Semantic transcription: from XML-TEI and Beyond

With digitization of documents, the problems of encoding, transcription and annotation have become an everyday problem for Digital Humanists. Some solutions have been proposed, and some brought more semantic to the data, eventually offering more perspective for better usage of the collected data (better text mining, topic modeling, information retrievability for example).

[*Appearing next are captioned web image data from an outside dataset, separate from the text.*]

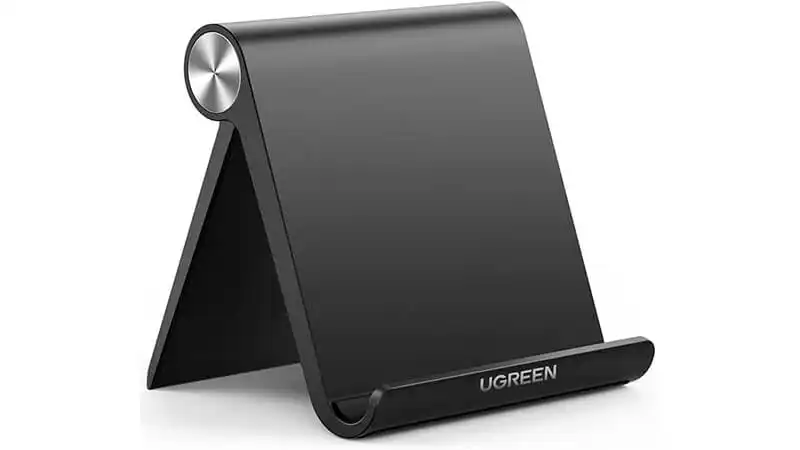 imagem de um suporte para tablet de plástico da Ugreen com ângulo ajustável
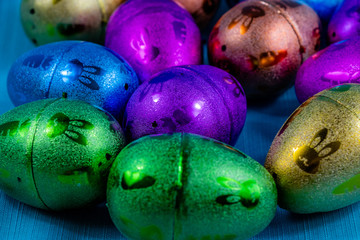 Colourful easter eggs, candies and baskets on display. Calgary, Alberta, Canada
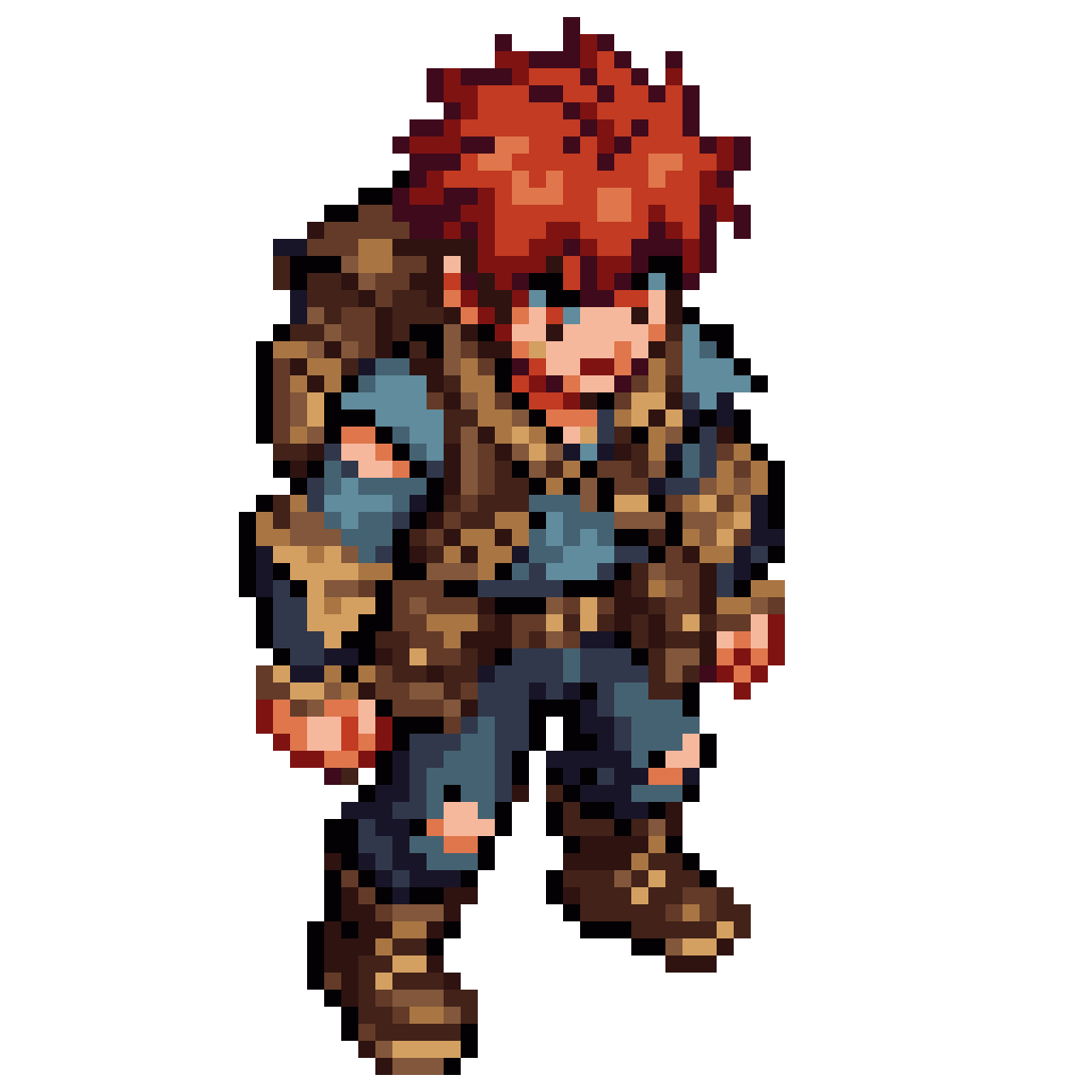 Red-haired teenager, with a satchel, pixel art
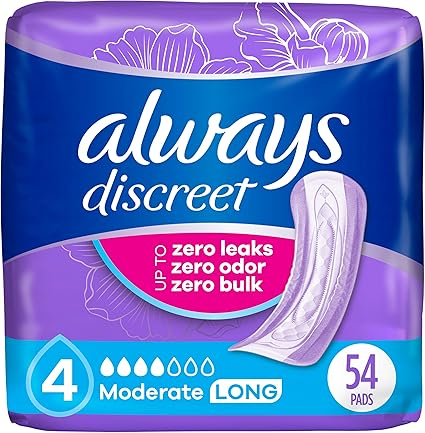 Always Discreet Adult Incontinence Pads for Women, Moderate Absorbency, Long Length, Postpartum Pads, Up to 100 Bladder Leak Protection, 54 Count (Packaging May Vary)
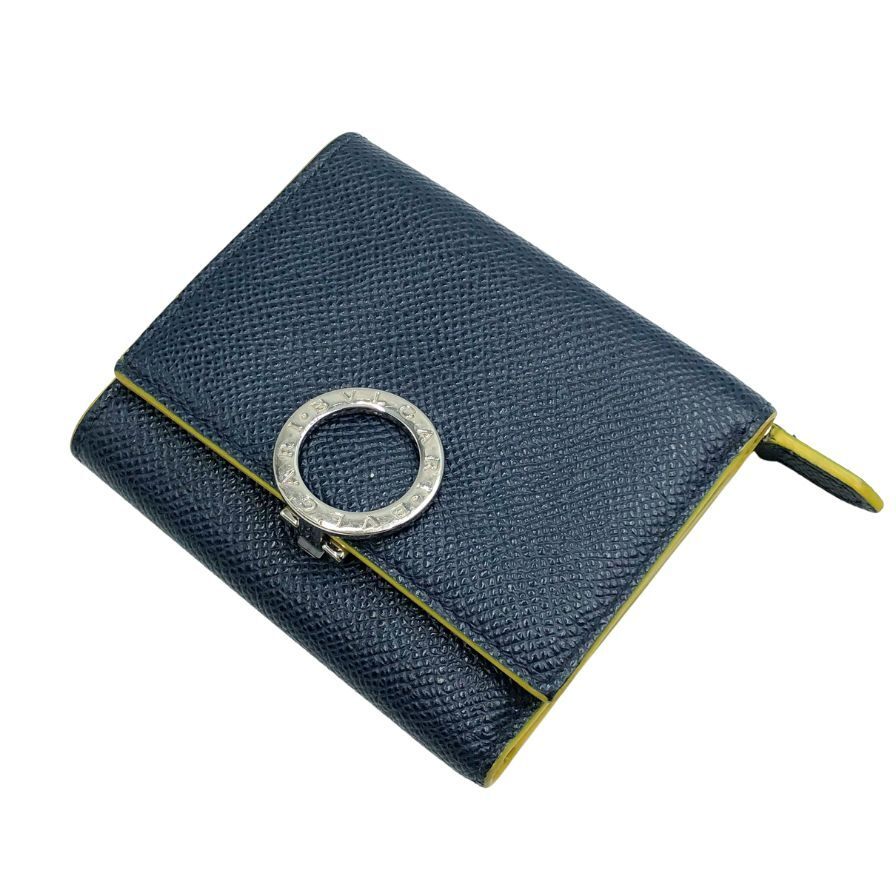 ブルガリ ロゴクリップ 三つ折り財布 レディース ネイビー×イエロー BVLGARI【AFI11】拍卖
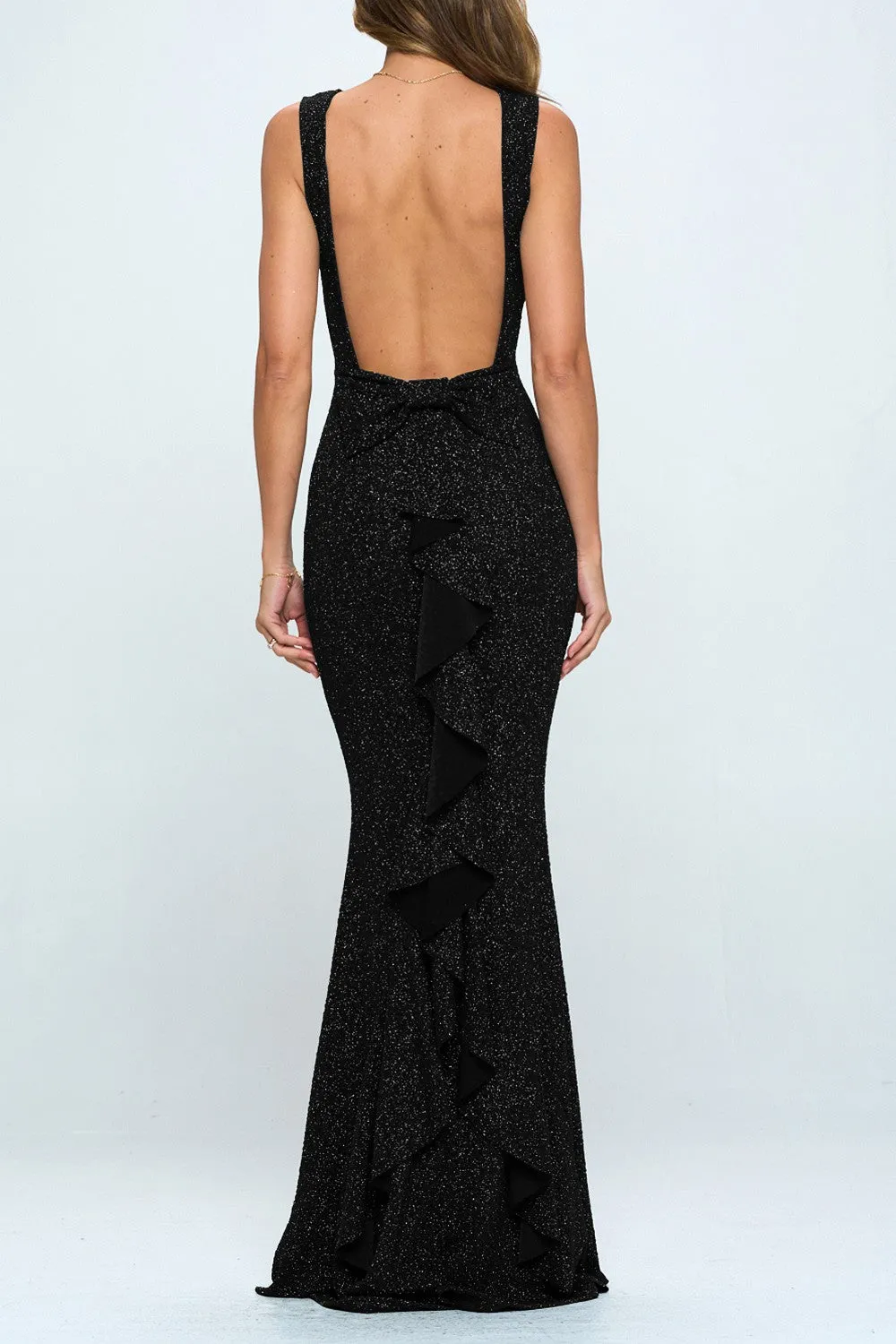 Low Back Bow Glitter Ruffle Maxi Dress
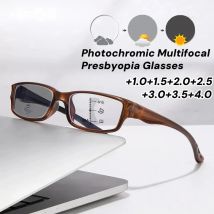 Sportliche photochrome Lesebrille für Damen und Herren, Vintage-Farbwechsel, progressive multifokale Presbyopie-Brille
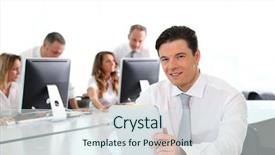  Presentation with employee anniversary work office - Colorful slides enhanced with office worker using electronic tablet backdrop and a  colored foreground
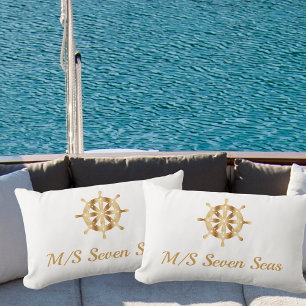 White gold yacht boat name steering wheel coastal lumbar pillow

Concerning textual documents, the Text Encoding Initiative consortium has offered to the Digital Humanities community a great standardized framework for text encoding with guidelines and even XML schema since 1994. Although this is a great framework – as can show the bigger and bigger adoption of XML-TEI in the recent Digital Humanities projects -, this framework can not fit the needs of every project, especially when the project is not just about text encoding but needs more interpretation. Yet XML is flexible enough to let the scholars make clever adaptations to it, or get some inspiration from it. In this blog post, we will take a look at some recent ideas tackling challenges like customizing TEI for classical Japanese documents, integrating the notion of time in text corpora, and bringing annotations for Speech, thought and writing representation.

Adapting TEI for classical Japanese textual documents

Kawase, Ichimura and Ogiso presented this year a short paper ([1]) about their project of encoding early modern Japanese texts, like the Sharebon (dating back to 1798). They previously had investigated the use of a pure XML-TEI system to help in the process of annotating the text. However, the traditional XML-TEI is not able to represent well the needed pieces of information at the character level nor able to store enough information in the annotations.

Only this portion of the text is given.